Material to process:

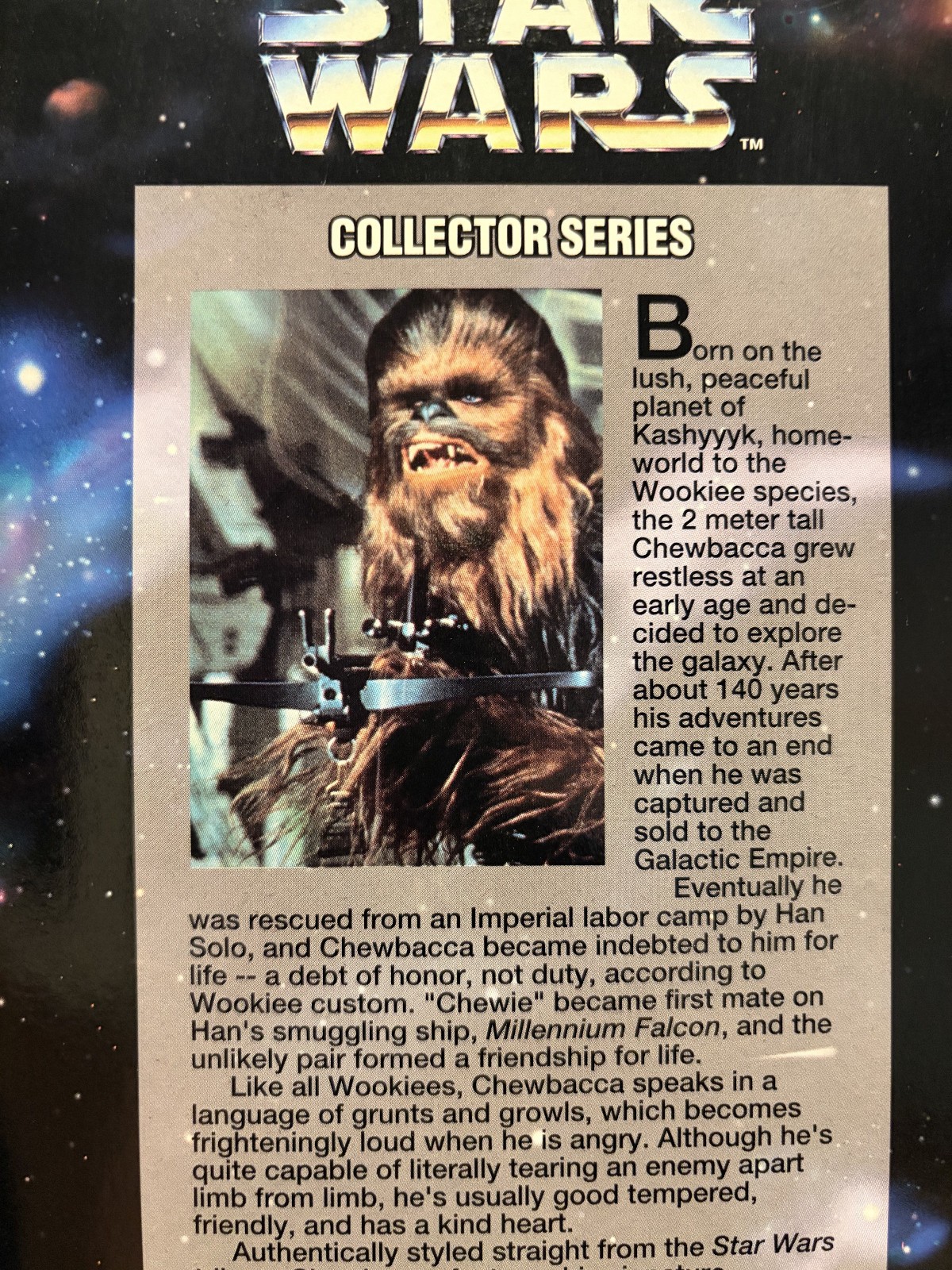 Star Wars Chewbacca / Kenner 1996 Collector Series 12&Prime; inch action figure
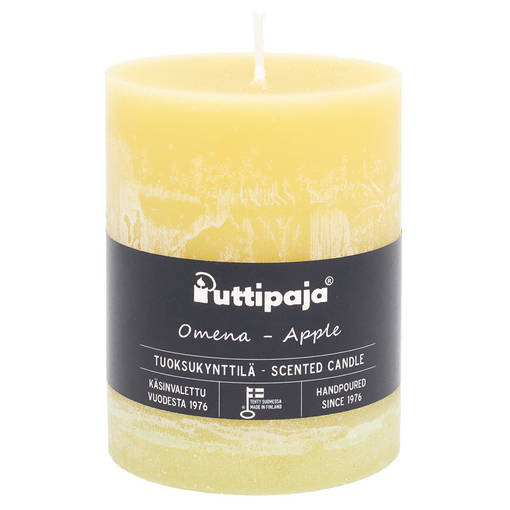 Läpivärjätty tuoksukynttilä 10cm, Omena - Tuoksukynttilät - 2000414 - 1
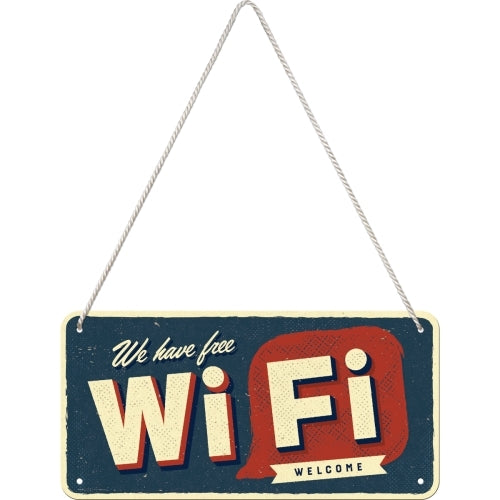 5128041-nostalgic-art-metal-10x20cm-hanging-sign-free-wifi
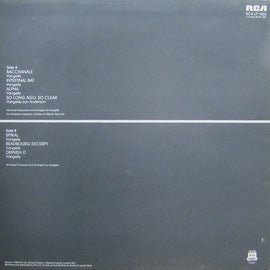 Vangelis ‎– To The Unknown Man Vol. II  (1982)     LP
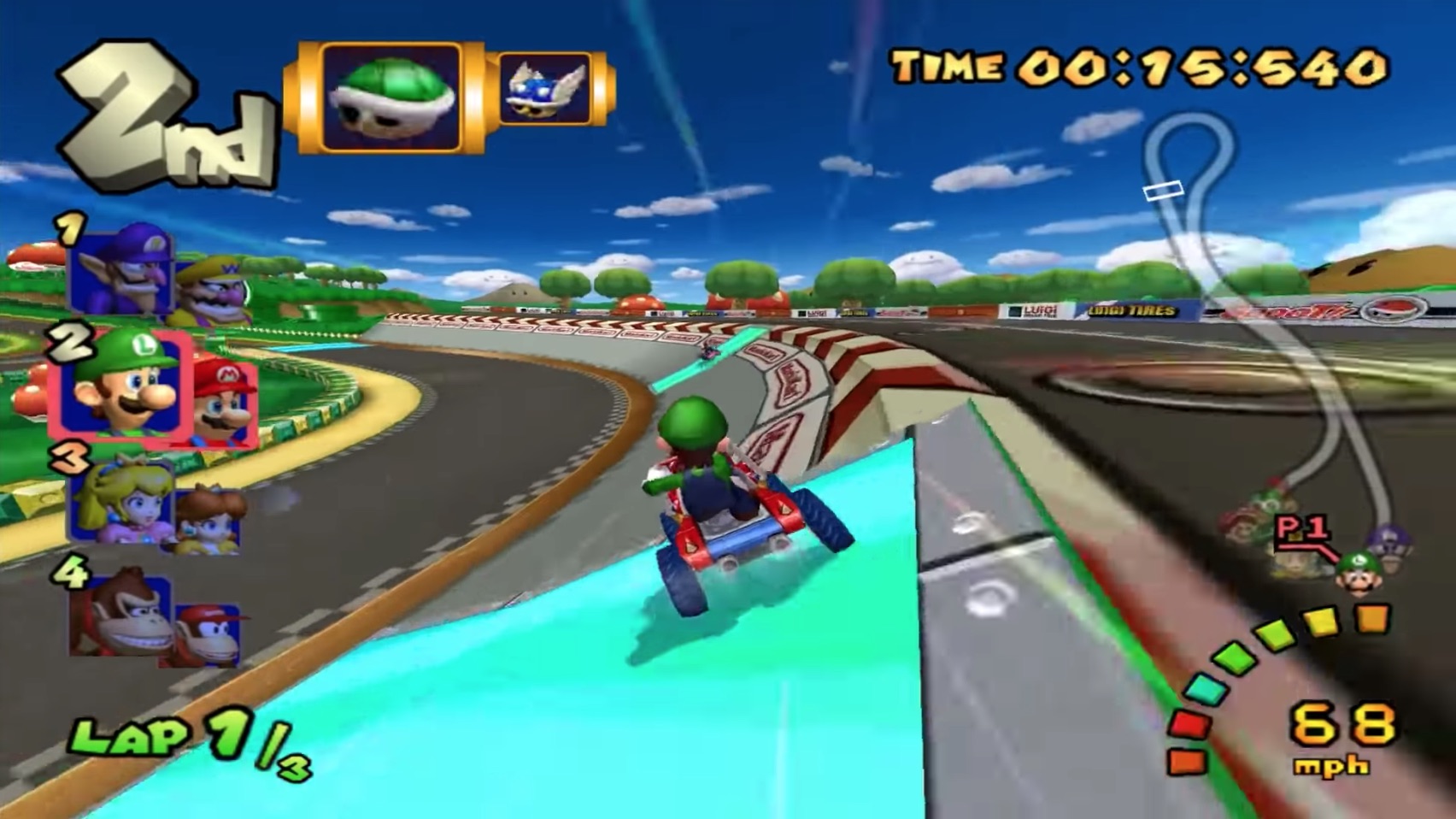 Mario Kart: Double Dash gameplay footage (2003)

What this task involves:
With pictures omitted, copy exactly the lines from the one containing "Vangelis ‎– To" through the final line of the listing, both included.

Exercise response:
 Vangelis ‎– To The Unknown Man Vol. II  (1982)     LP
 Mario Kart: Double Dash gameplay footage (2003)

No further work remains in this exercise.